Mas, insisto, trata-se, acima de tudo, de uma voz consciente de que seu olhar e suas conclusões sobre o testemunho dos que viveram o Holocausto é, somente, uma frágil aproximação da verdade.

O homem que vê e se vê

Homenagem aos que se recusam a esquecer, preito à memória, a cada página de Os desaparecidos ressoa a exclamação: lembrem dos judeus de Bolechow, daqueles milhares que foram humilhados gratuitamente e morreram sob a iniquidade. Ao final, deles restaram apenas 48, dispersos sobre a terra. E lembrem-se também daqueles seis, emudecidos pelo ódio.

Mais de três séculos antes de Os desaparecidos ser publicado, no ano de 1674, em Roma, pronunciando, perante a rainha Cristina da Suécia, o panegírico “Lágrimas de Heráclito”, António Vieira comentava o verso de Virgílio que Mendelsohn escolheu como epígrafe:

Não residem as lágrimas só nos olhos, que veem os objetos, mas nos mesmos objetos, que são vistos; ali está a fonte, aqui está o rio; ali nascem as lágrimas, aqui correm; e se as mesmas coisas que não veem, choram, quanto mais razão tem o homem que vê e se vê?.
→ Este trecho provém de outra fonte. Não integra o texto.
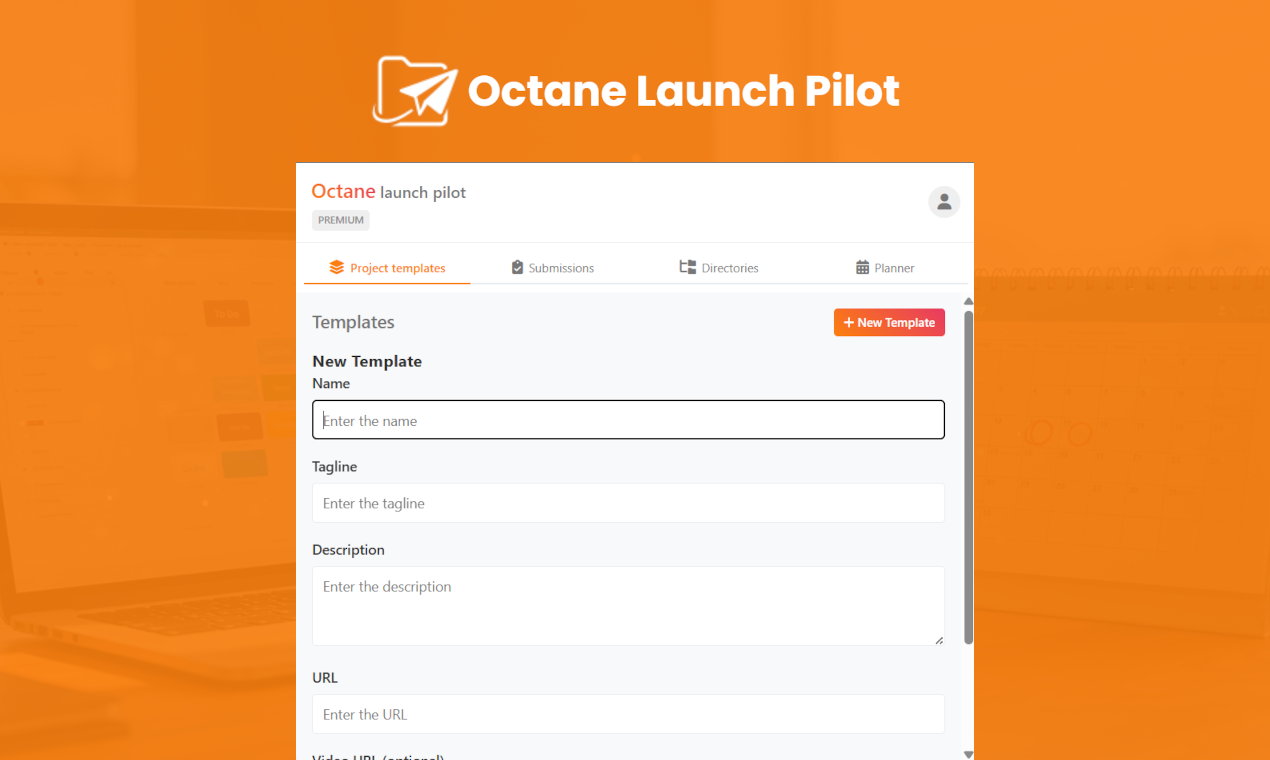Média Pilote de lancement d'octane - Économisez des heures à soumettre votre startup aux meilleurs répertoires 2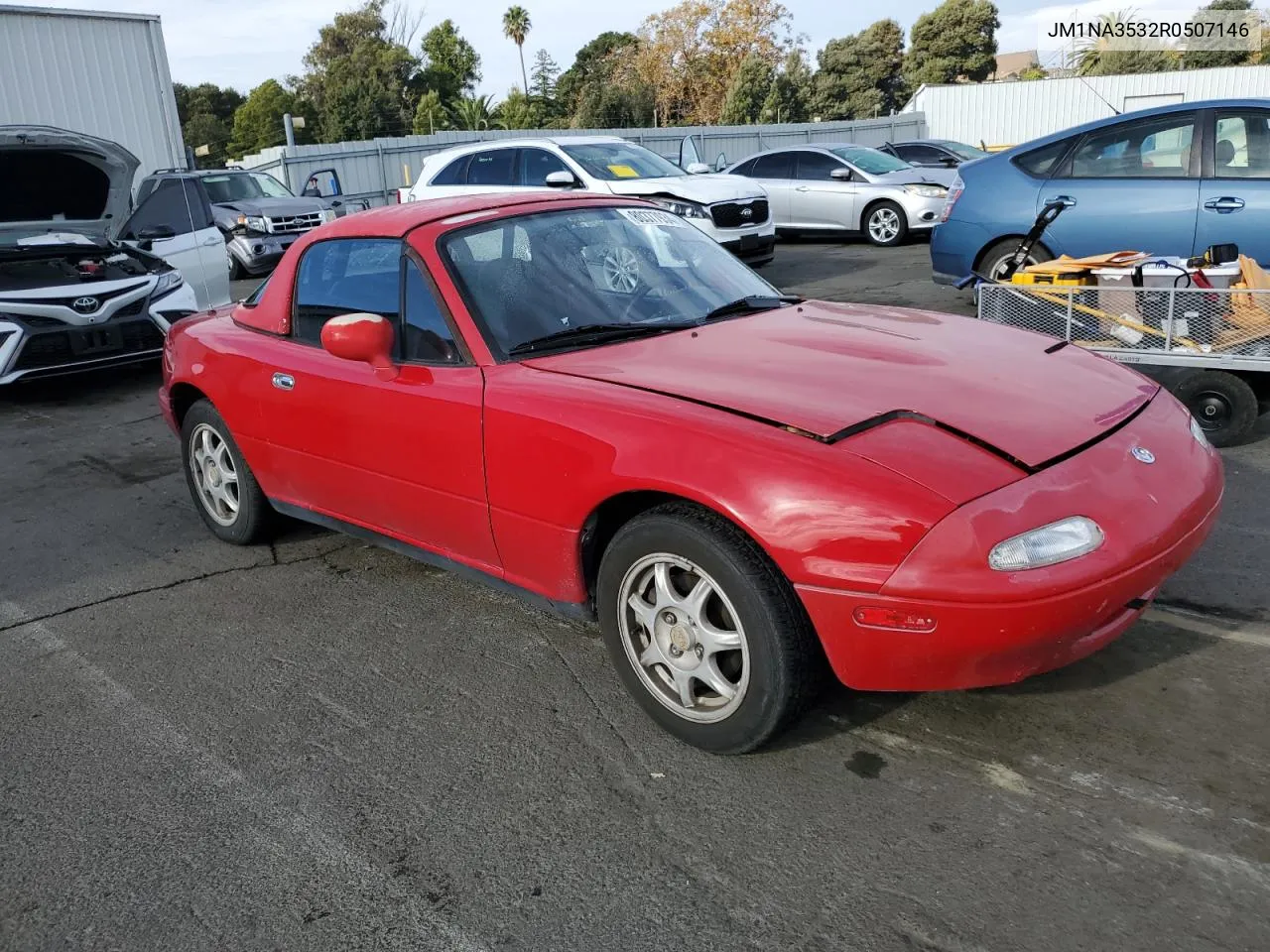 1994 Mazda Mx-5 Miata VIN: JM1NA3532R0507146 Lot: 80377934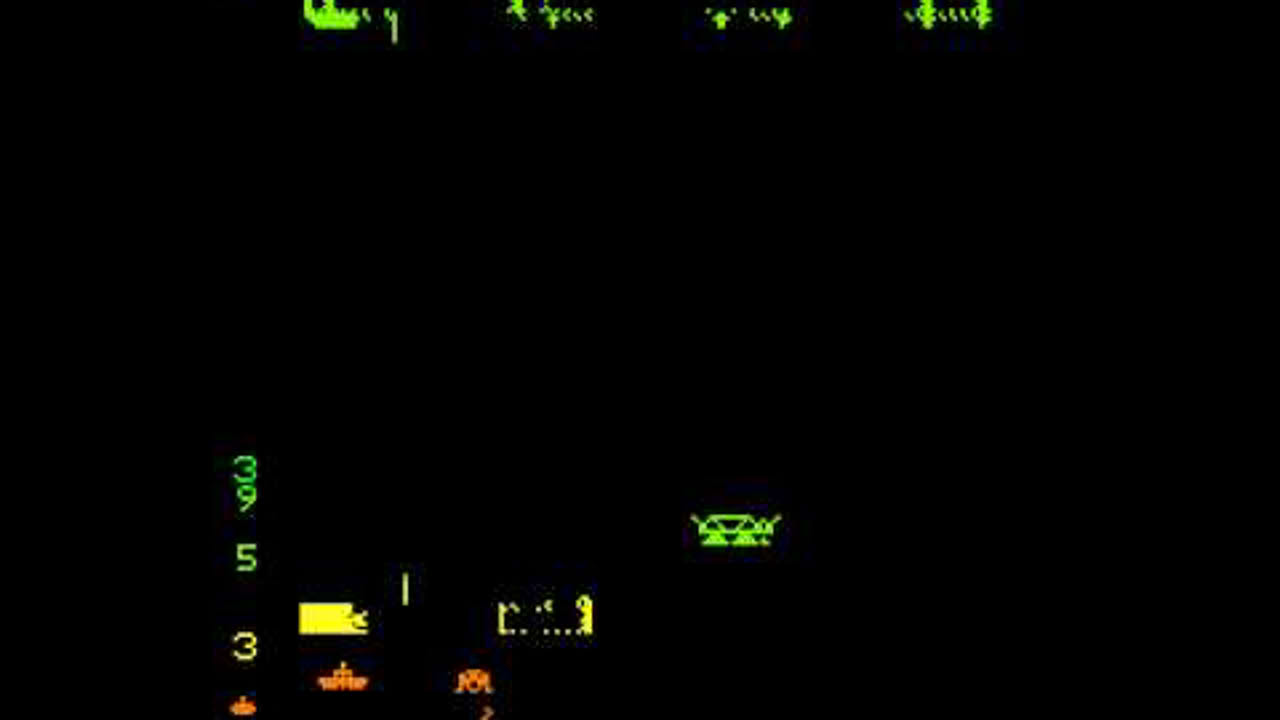 Arcade Game: Space Invaders II (1980 Midway)
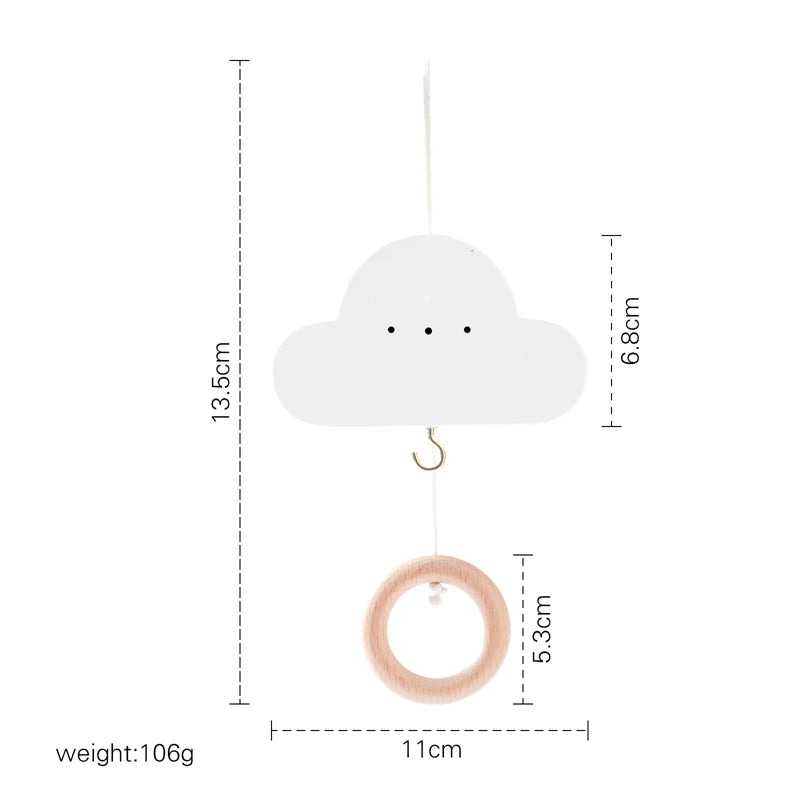 Mobile eveil pour lit de bébé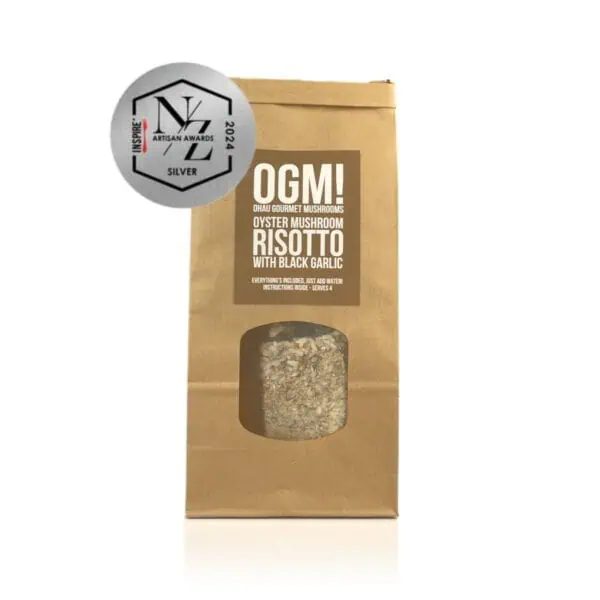 Oyster Mushroom Risotto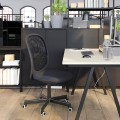 IKEA FLINTAN ФЛІНТАН Офісне крісло, чорний 10489028 | 104.890.28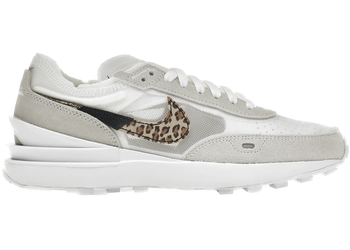 Nike Waffle One White Leopard (Women's) for sale
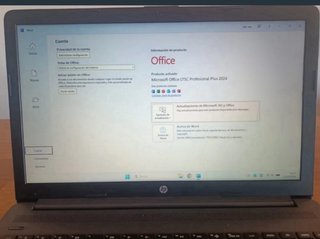 Portátil HP 255 G7 256GB SSD+8GB RAM Gris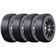 KIT 4 Pneus Forceland Vitality H/T 265/70 R16 HT Aro 16 112H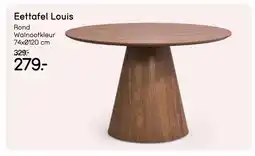 Leen Bakker Bekijk eettafel Louis [link] aanbieding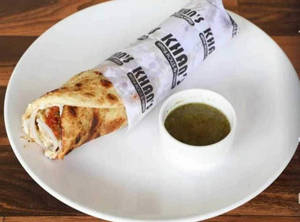 Egg Kathi Roll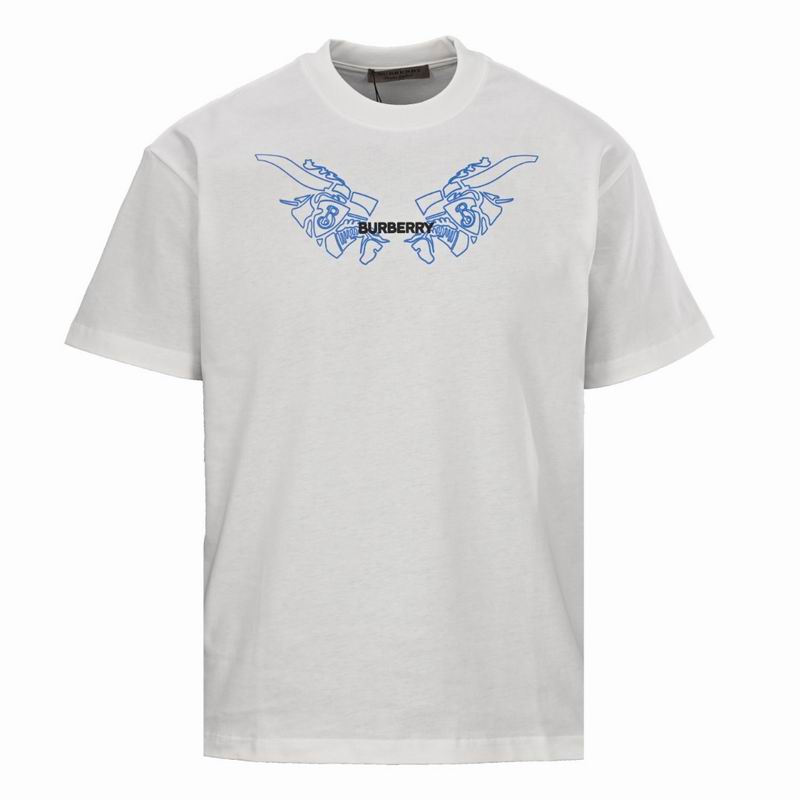 Wholesale Cheap B.urberry Short Sleeve Designer T Shirts for Sale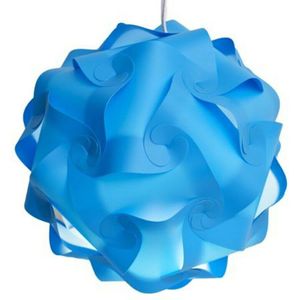 Diy Puzzel Lampenkap Creatieve Jigsaw Lamp Moderne Plafond Kroonluchter Hanglamp Cover Home Decor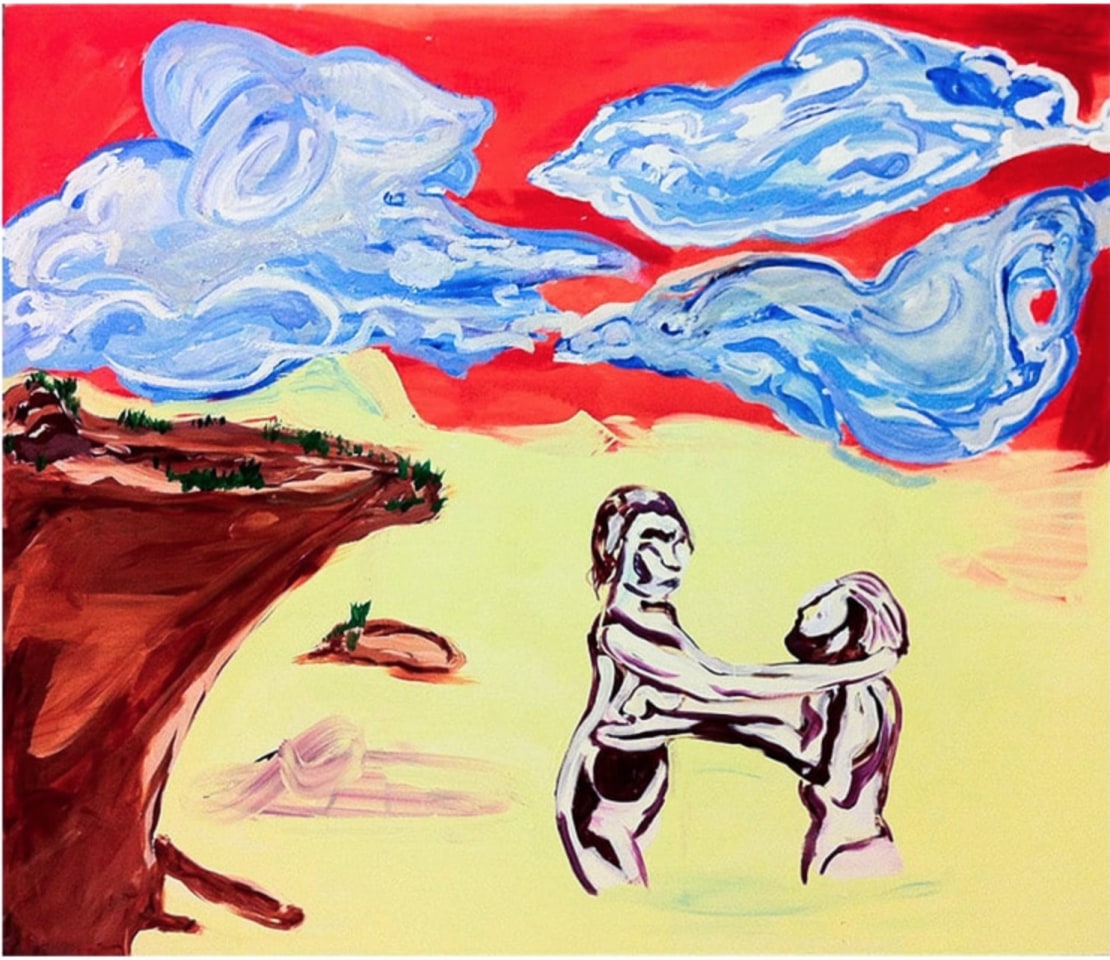 Lola Schnabel, Red Sky 2, 2012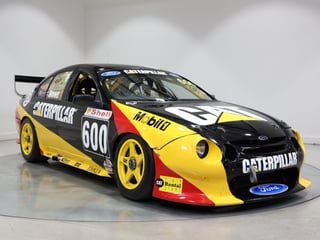 2001 CAT Racing 600 AU Falcon Supercar - John Bowe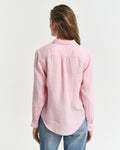 Reg Linen Shirt - Geranium Pink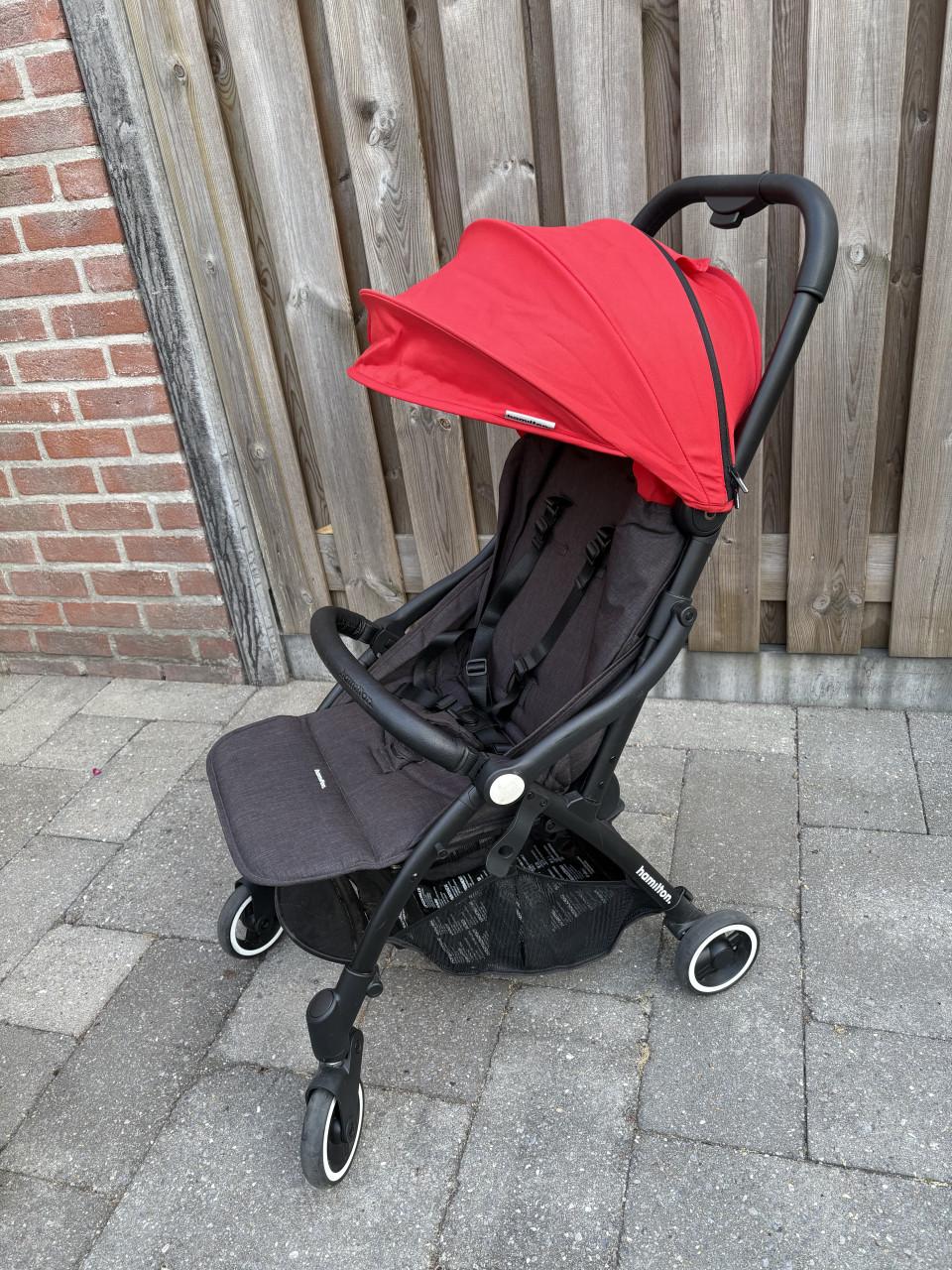 Hamilton Buggy zeer nette staat, makkelijk opklapbaar, ideaal voor op reis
Quando chegamos às páginas finais de Os desaparecidos, descobrimos – ou lembramos – quão extensa é a dor que impregna a vida – ainda que tal verdade seja perceptível apenas ao “homem que vê e se vê” –, pois o relato de Daniel Mendelsohn nos fornece inúmeras, desoladoras razões para distinguir as lágrimas das coisas, chorar com elas – e também por nós.